Principal Engineer AI ML Infrastructure Engineer
130k - 160k USD
Remote
Full Time
#Engineering
#Infrastructure
#Linux
#Python
#BASH
#PHP
#Machine Learning
#Automation
#Benchmarking
#Troubleshooting
At Vultr, we are on a mission to make high-performance cloud computing accessible, affordable, and easy to use for developers and businesses across the globe. As the world’s largest privately-held cloud computing company, we have grown entirely through our own success without raising equity financing. Today, we support over 1.5 million customers in 185 countries, providing them with reliable cloud compute, storage, and GPU solutions from our network of 32 data centers. We are currently looking for a talented engineer to help us continue this journey and leave a lasting mark on the future of cloud infrastructure.
The opportunity
We are seeking a Principal Engineer for AI ML Infrastructure to join our central engineering team. This role is a vital part of our growth strategy, as you will take ownership of the setup, provisioning, and operational excellence of our GPU-based systems. You will work to ensure that our infrastructure remains fast, stable, and performant, directly impacting the experience of our customers who rely on our platform for their most demanding computational workloads.
A day in the life
- You will develop and maintain robust GPU infrastructure across both bare metal and containerized environments, working closely with our networking team to build scalable GPU clusters.

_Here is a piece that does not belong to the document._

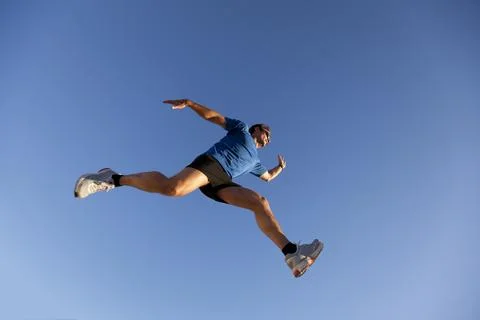 Runner jump at the city Stock Photos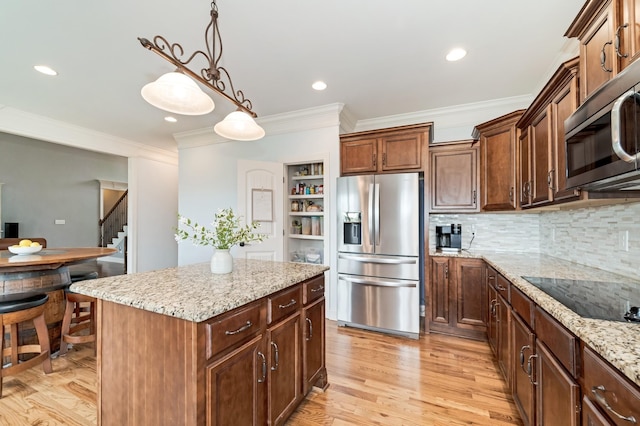 kitchen with light stone countertops, appliances with stainless steel finishes, crown molding, a center island, and hanging light fixtures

- You will conduct in-depth benchmarking, performance testing, and troubleshooting to identify hardware or software limitations and ensure consistent, reliable provisioning for our users.
- You will act as a primary point of contact for hardware and software vendors, collaborating to resolve bugs, manage drivers, and implement reference architectures that meet the needs of diverse applications.
Who you are
You are a senior-level engineer with a deep technical background and a passion for high-performance computing. You communicate effectively in English and bring the following expertise to our team:
- Hands-on experience with modern, high-performance GPUs, specifically NVIDIA products like NVLink, Infiniband, and vGPU technologies.
- Extensive knowledge of bare metal internals, including firmware, BIOS, BMC, Redfish/IPMI, and PCIe automation.
- Strong proficiency in Linux, device drivers, and package management.
- Practical experience with Python, BASH, and PHP.
- Familiarity with machine learning software and large-scale infrastructure automation.
Why you'll love it here
We offer a salary range of $130,000 to $160,000, which may vary based on your specific background and location. Beyond the paycheck, we provide a supportive environment designed to help you thrive:
- A fully remote work environment that includes a company-wide get-together.
- A 401(k) plan with a 100% match up to 4% and immediate vesting.
- An annual professional development reimbursement of $2,500.
- Generous paid time off, including 11 holidays, a birthday day off, and increased leave as you reach work anniversaries.
- Financial support for your home office setup, monthly internet costs, and gym memberships.